The acquisition of the two AWACS, with the Israeli Phalcon early-warning radar system mounted on Russian Ilyushin-76 heavy-lift aircraft, is all set to get the approval from the Cabinet Committee on Security (CCS) after extensive inter-ministerial consultations, according to a ToI report.
The two new Phalcon AWACS, which will add to the three such aircraft inducted by the Indian Air Force in 2009-2011 under a US$1.1 billion contract, will be delivered in three to four years.
According to the report, the need for additional AWACS was acutely felt during the pre-dawn strikes at Balakot and the subsequent aerial skirmish with Pakistani fighters in February last year.
The ongoing military confrontation with China in eastern Ladakh has further reinforced the operational requirement as Indian military gears up for a possible two-front war scenario involving both China and Pakistan.
AWACS or AEW&C (airborne early-warning and control) aircraft are critical in modern warfare because they can detect and track incoming fighters, cruise missiles and drones much before the ground-based radars.
China-Pakistan AWACS a nightmare for IAF
According to reports, Pakistan is ahead of India in airborne early warning radar systems.

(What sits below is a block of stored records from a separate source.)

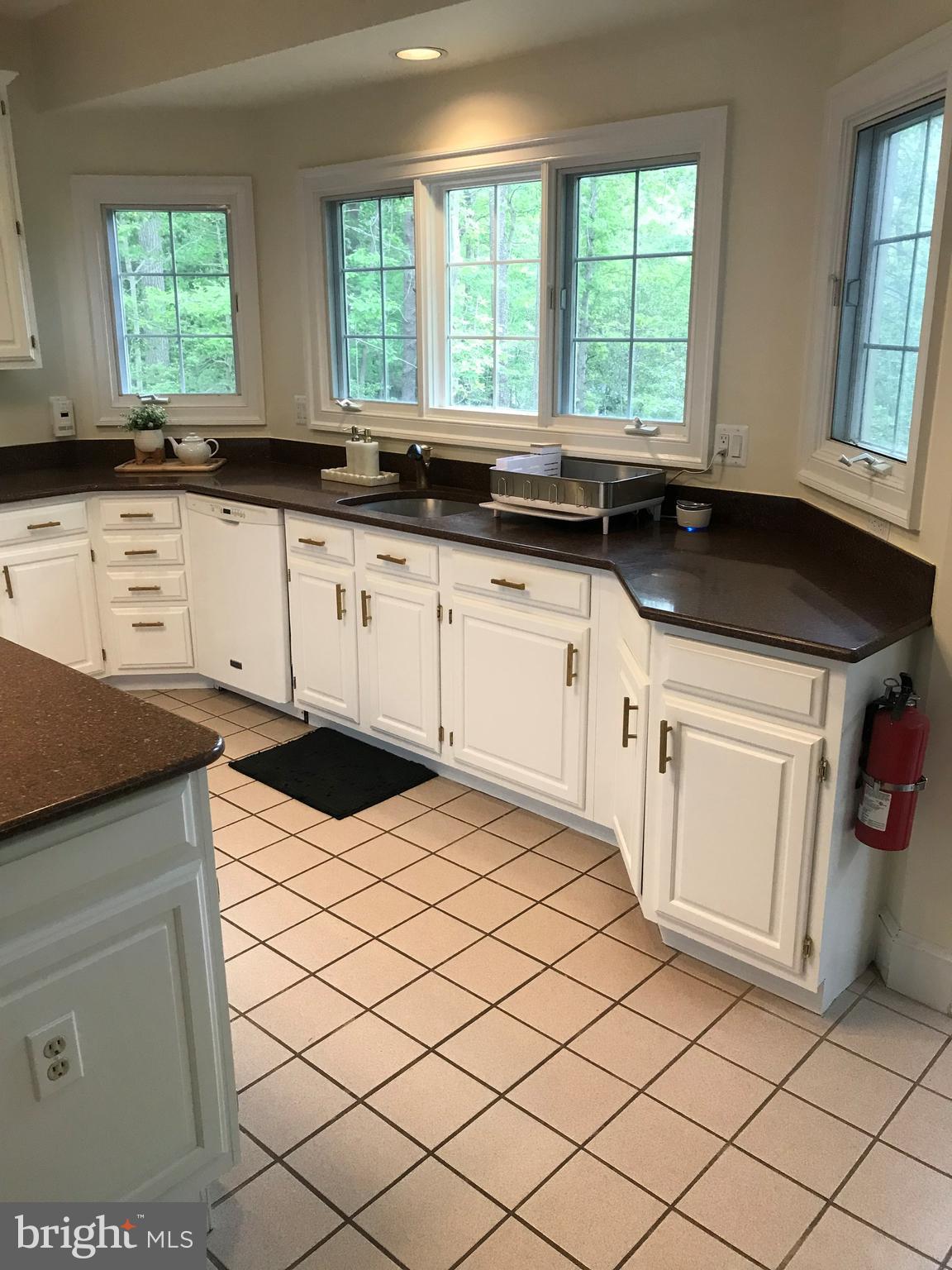 BENNETT FARMS - Residential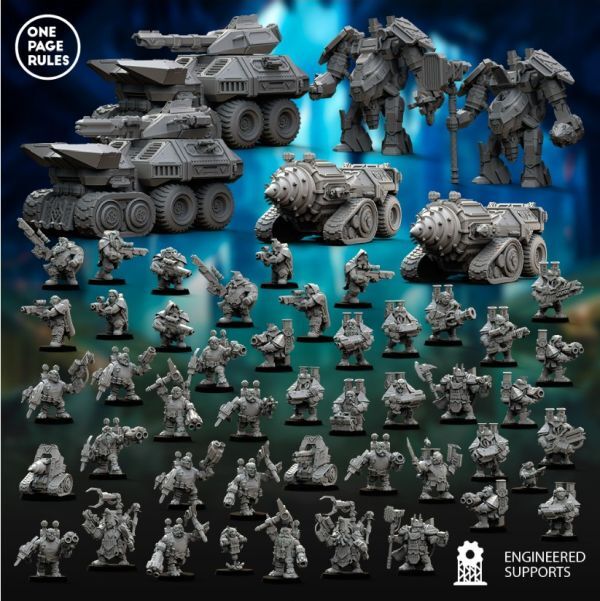 57zc.jpg
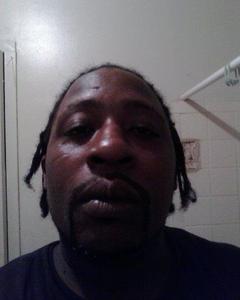 Man, 48. Danny238842
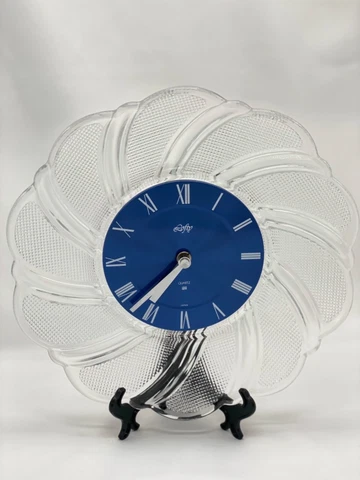 Hoya Vintage Clock Cover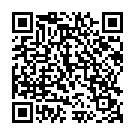 www.houseinfo.tw房屋網-買內惟房子-QRCode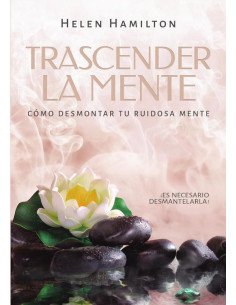 Trascender la mente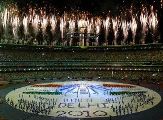 Cwealthgames16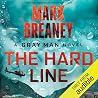 The Hard Line: A ...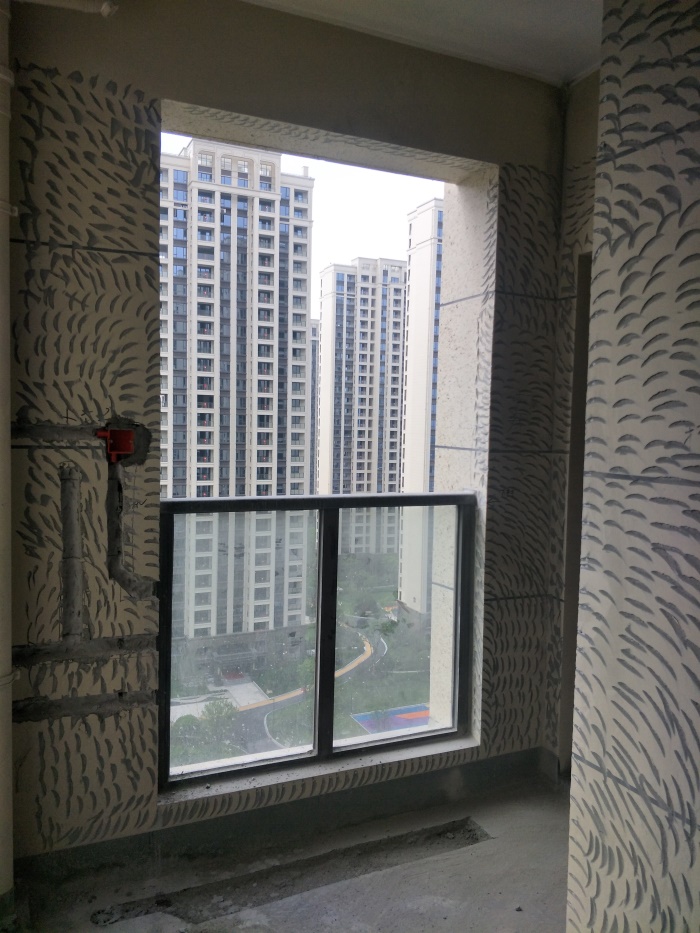 IMG20190516152659.jpg
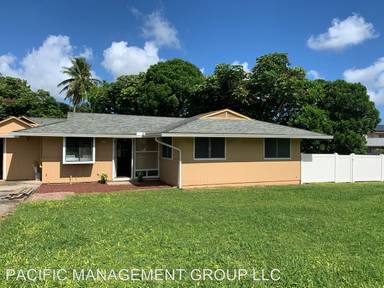 Main picture of 45-249 Kenela St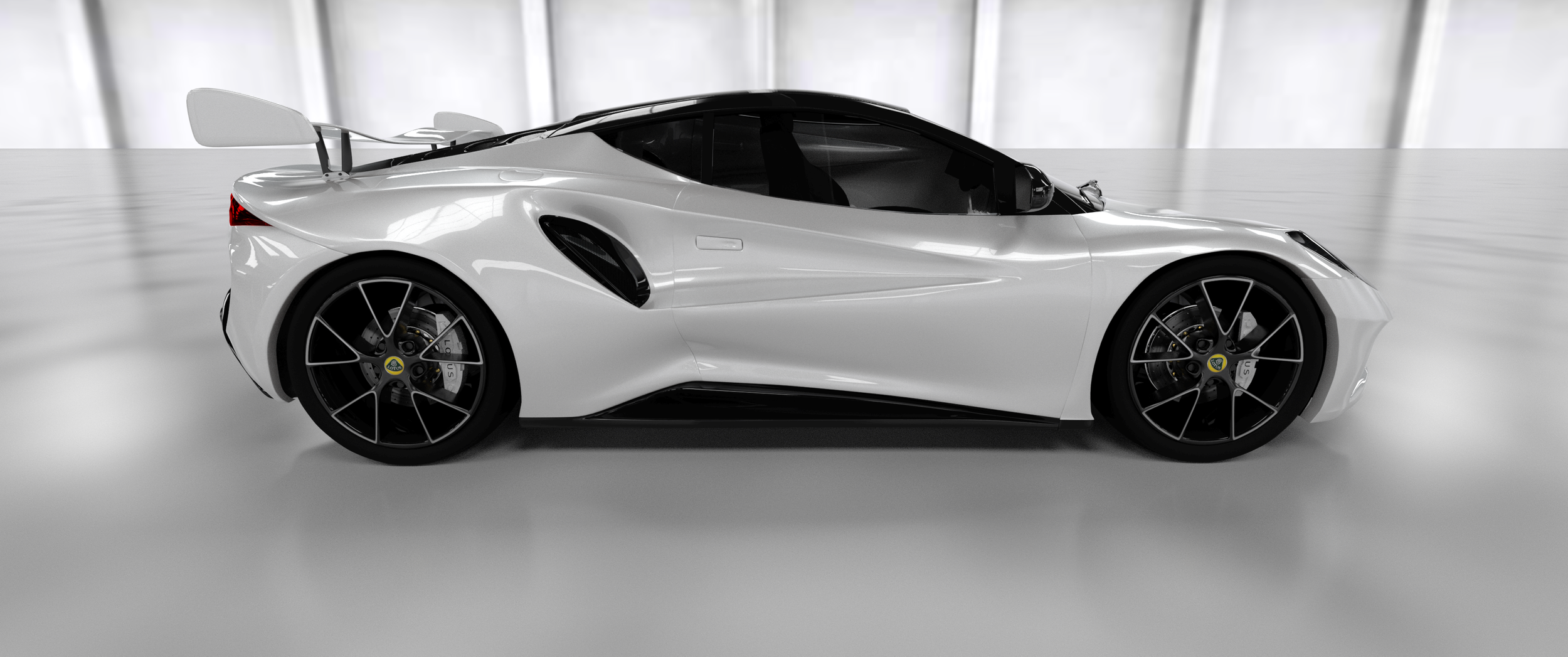 Lotus Emira_WhiteMatallic_IMax_08.png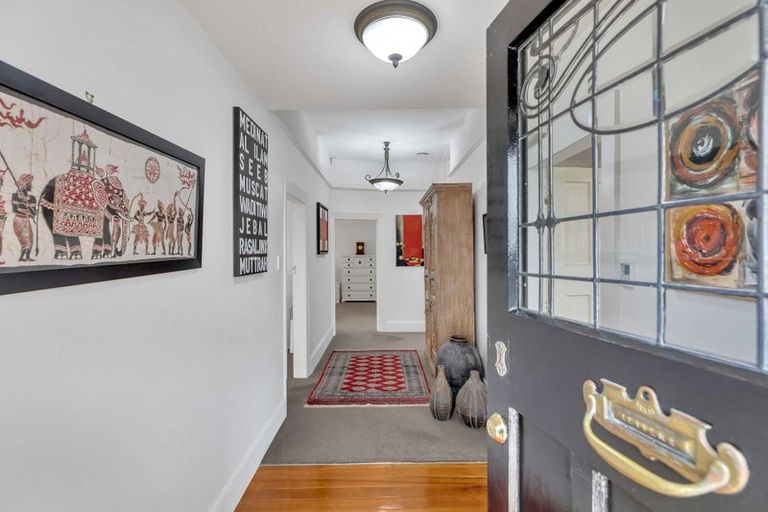 Photo of property in 14 Tui Street, Fendalton, Christchurch, 8041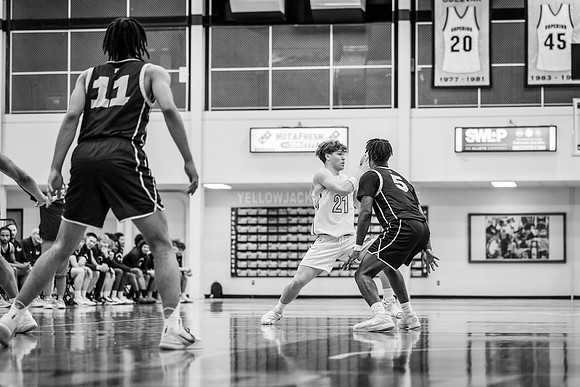 UWS MBB vs NCU Edits-172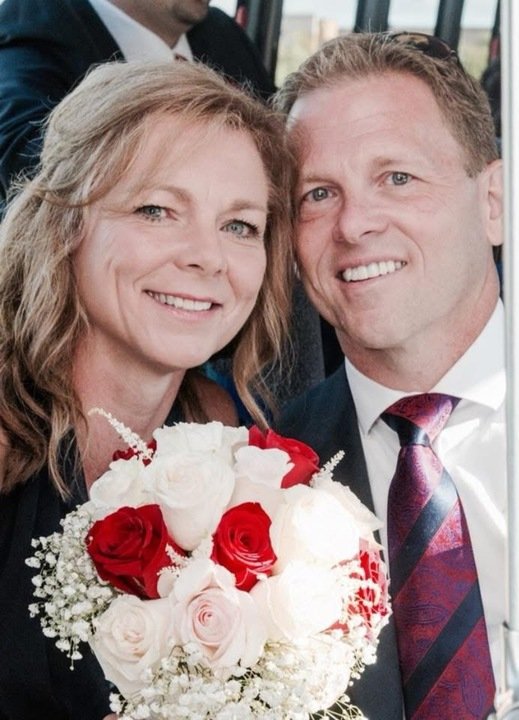 Patrick John Wepking - Photo 18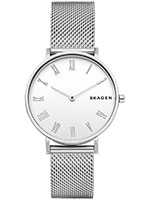 Skagen Mesh SKW2712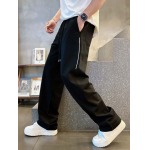 2025年8月20日入荷新作Louis Vuittonスウェットパンツ 高级品超厳選★入手困難/誕生日プレゼント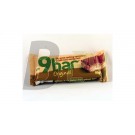 9 bar magvas szelet original (50 g) ML052777-16-11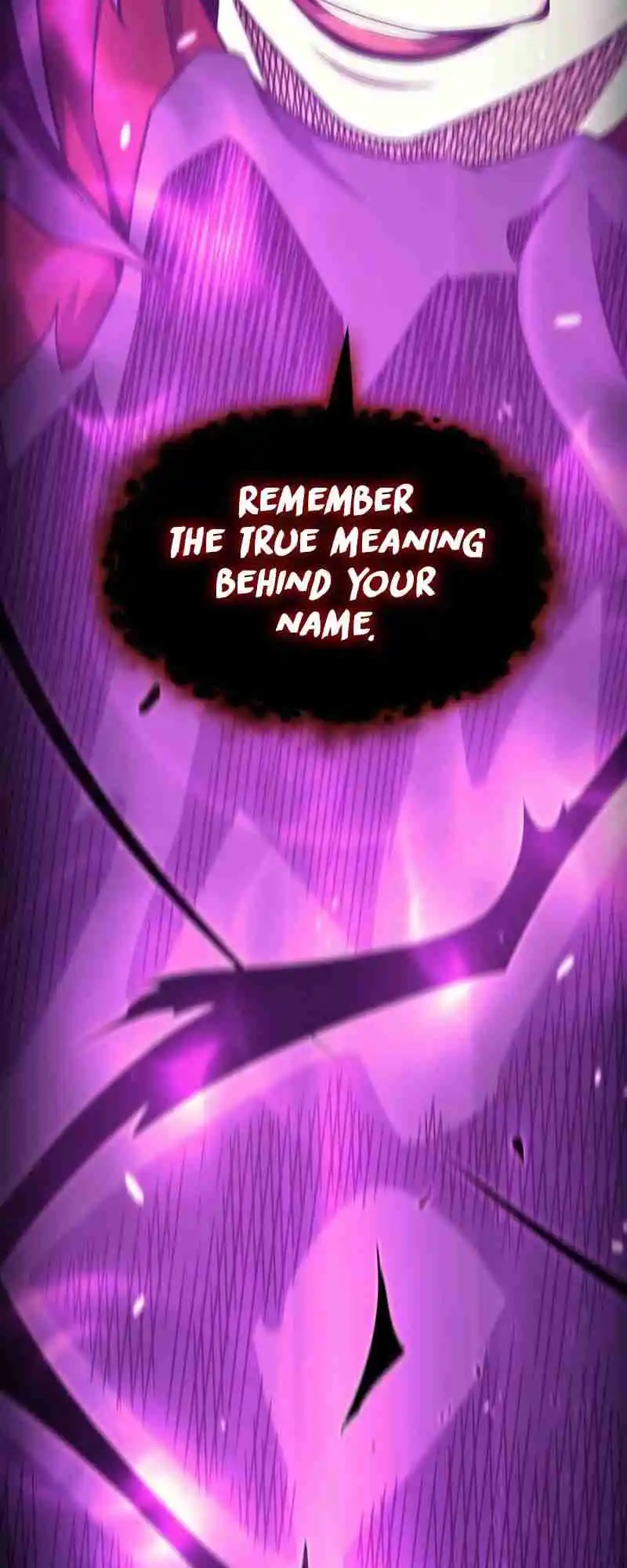 The Archmage Returns After 4000 Years 177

While Pakistan has 8-10 Chinese Karakoram Eagle ZDK-03 AWACS and Swedish Saab-2000 AEW&C, China has over 30, including Kong Jing-2000 Mainring, KJ-200 Moth and KJ-500 aircraft.
India’s AWACS strategy
Indian Air Force has just three Phalcon AWACS, with a 400-km range and 360-degree coverage, which are inadequate for a possible two front war scenario.
IAF also has two indigenous Netra AEW&C aircraft, with indigenous 240-degree coverage radars with a 250-km range fitted on Brazilian Embraer-145 jets.
In March 2015, Indian defence ministry approved a Rs 5,113 crore plan to acquire two AWACS aircraft having an indigenous AESA (active electronically scanned array) radars with 360-degree coverage. These were to be fitted on Airbus A-330 wide body jets but the project is yet to be cleared by the CCS.